Required action: Repeat the data as given. Images do not go in the copy.

Data below:
* * * *

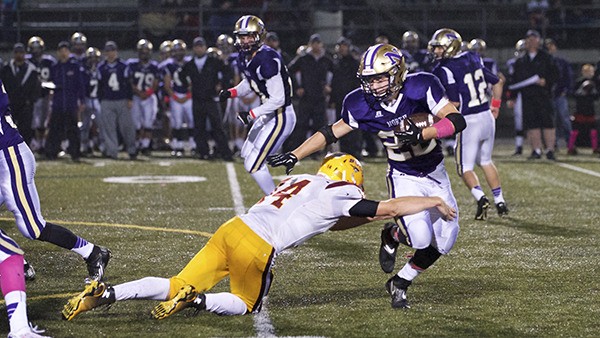 North Kitsap’s TJ Jensen avoids being tackled by the Kingston Buccaneer defense Oct. 17 during the Pillage and Plunder Bowl at North Kitsap Stadium. The Vikings remain unbeaten this season and are two games away from securing the Olympic League title.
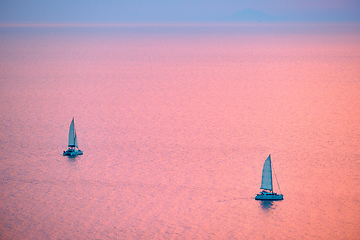 Image showing Tourist yachts boat in Aegean sea near Santorini island with tourists watching sunset viewpoint. Santorini, Greece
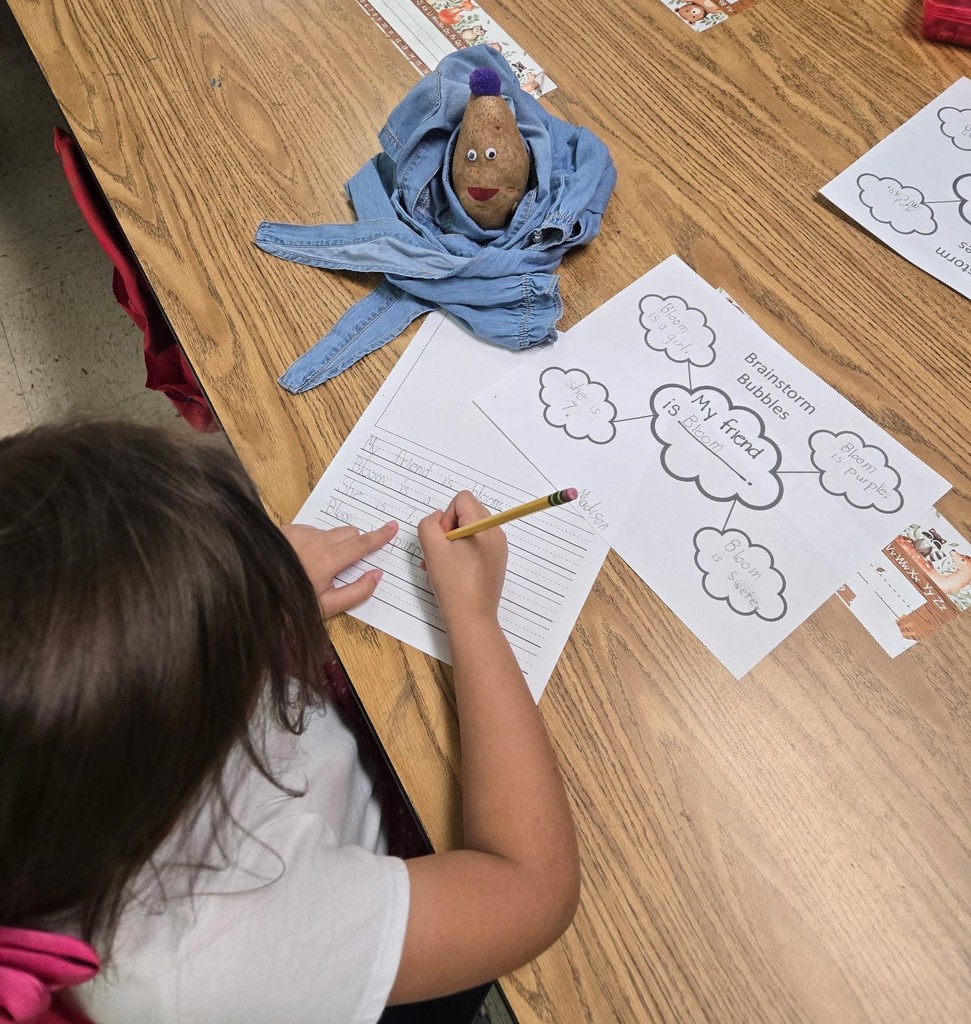 A girl writes on a worksheet, with a potato swaddled in a blanket on the table near her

* * * *

Exercise result:
 North Kitsap’s TJ Jensen avoids being tackled by the Kingston Buccaneer defense Oct. 17 during the Pillage and Plunder Bowl at North Kitsap Stadium. The Vikings remain unbeaten this season and are two games away from securing the Olympic League title.
 Image showing Tourist yachts boat in Aegean sea near Santorini island with tourists watching sunset viewpoint. Santorini, Greece
 A girl writes on a worksheet, with a potato swaddled in a blanket on the table near her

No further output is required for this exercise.